Reverse Geocoding Accuracy: How Far Off Are Your Results?

How to measure reverse geocoding accuracy in meters: the geometry of 'nearest match,' rooftop vs interpolated, and what 50m of error means downstream.

| May 19, 2026
Reverse Geocoding Accuracy: How Far Off Are Your Results?

A coordinate goes into a reverse geocoder; an address comes out. The address is *somewhere near* the coordinate — but how near? The answer depends on the coordinate's source, the geocoder's index density in that area, and what "match" means in this dataset. In some neighborhoods you get the right house; in others the geocoder returns "the nearest known address," which might be 80 meters away.

This post is the practical version: what reverse geocoding accuracy actually depends on, how to measure it, the four buckets that explain >95% of real-world error, and the patterns for handling each. By the end you should be able to look at a ?lat=…&lng=… result and know whether to trust it down to the building or treat it as "approximately this block."

Two distance metrics that matter

When you reverse-geocode, two distances are interesting:

  1. Distance from input coord to returned address coord — how far did the geocoder "snap" your input?
  2. Distance from input coord to the actual building the user cared about — the truth distance, only knowable if you have ground truth.

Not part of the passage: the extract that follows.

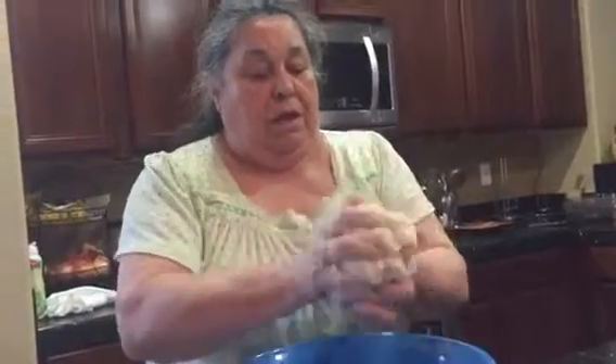Masa is done, that's it. We just have to let it rest for a little bit. To be continued. Okay, now we're gonna roll some little bolitas — let me see how you roll the little bolitas.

The first is observable from any reverse geocoder response. The second requires a labelled dataset (input coord + known correct address). Most teams care about #1 as a proxy and only validate #2 in spot checks.

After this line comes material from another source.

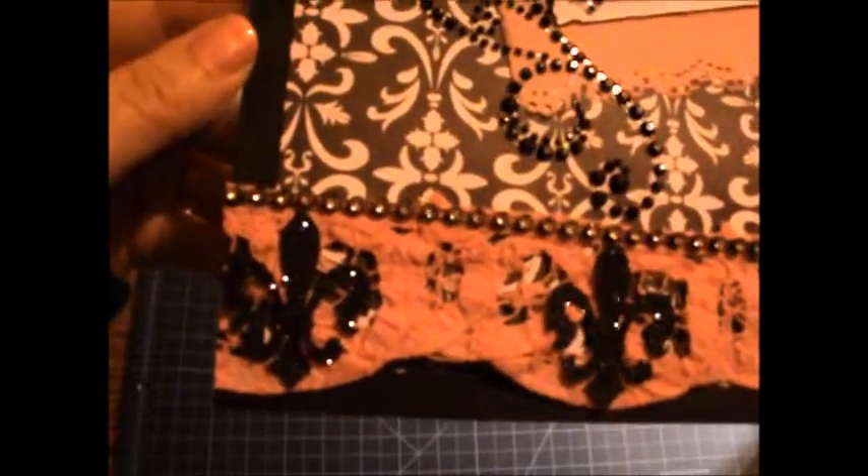I ran those through my Xyron sticker maker and then I glittered them. It's so much easier to do it that way than to try and glue and then glitter — it's just faster and neater, and I just recommend that way for glitter.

A typical reverse-geocode response (csv2geo):

{
  "query": { "lat": 38.8977, "lng": -77.0365 },
  "results": [{
    "formatted_address": "1600 PENNSYLVANIA Avenue Northwest, Washington, DC 20500, US",
    "location": { "lat": 38.8976750934991, "lng": -77.0365468377218 },
    "accuracy": "rooftop",
    "accuracy_score": 1.0
  }]
}

The geocoder returned coords ~5m from the input. With accuracy: "rooftop" and accuracy_score: 1.0, this is high-confidence. Compute the distance:

from math import radians, sin, cos, asin, sqrt

def haversine_m(lat1, lng1, lat2, lng2):
    """Great-circle distance in meters."""
    R = 6_371_000   # Earth radius in meters
    lat1, lng1, lat2, lng2 = map(radians, (lat1, lng1, lat2, lng2))
    dlat = lat2 - lat1; dlng = lng2 - lng1
    a = sin(dlat/2)**2 + cos(lat1) * cos(lat2) * sin(dlng/2)**2
    return 2 * R * asin(sqrt(a))

snap = haversine_m(38.8977, -77.0365, 38.8976750934991, -77.0365468377218)
# 4.4 m

Anything under ~10m is essentially a direct hit. Above 50m you're in "nearest building" or "interpolated street range" territory. Above 200m you're getting "nearest known anything" and should treat the result skeptically.

The four error buckets

After watching enough real-world reverse-geocode logs, errors fall into four buckets:

Bucket 1: Rooftop match (0–10m)

The input coord falls inside or right next to a known building polygon. Geocoder returns the address with high confidence and the snap distance is essentially measurement noise.

What you can trust:

  • The house_number and road are correct.
  • The postcode, city, state, country are correct.
  • Use this for billing, deliveries, anything address-critical.

When this happens:

  • US/Canada urban + suburban (very high coverage).
  • Western Europe (Germany, UK, France, NL — same).
  • Developed APAC (Japan, AU/NZ — same).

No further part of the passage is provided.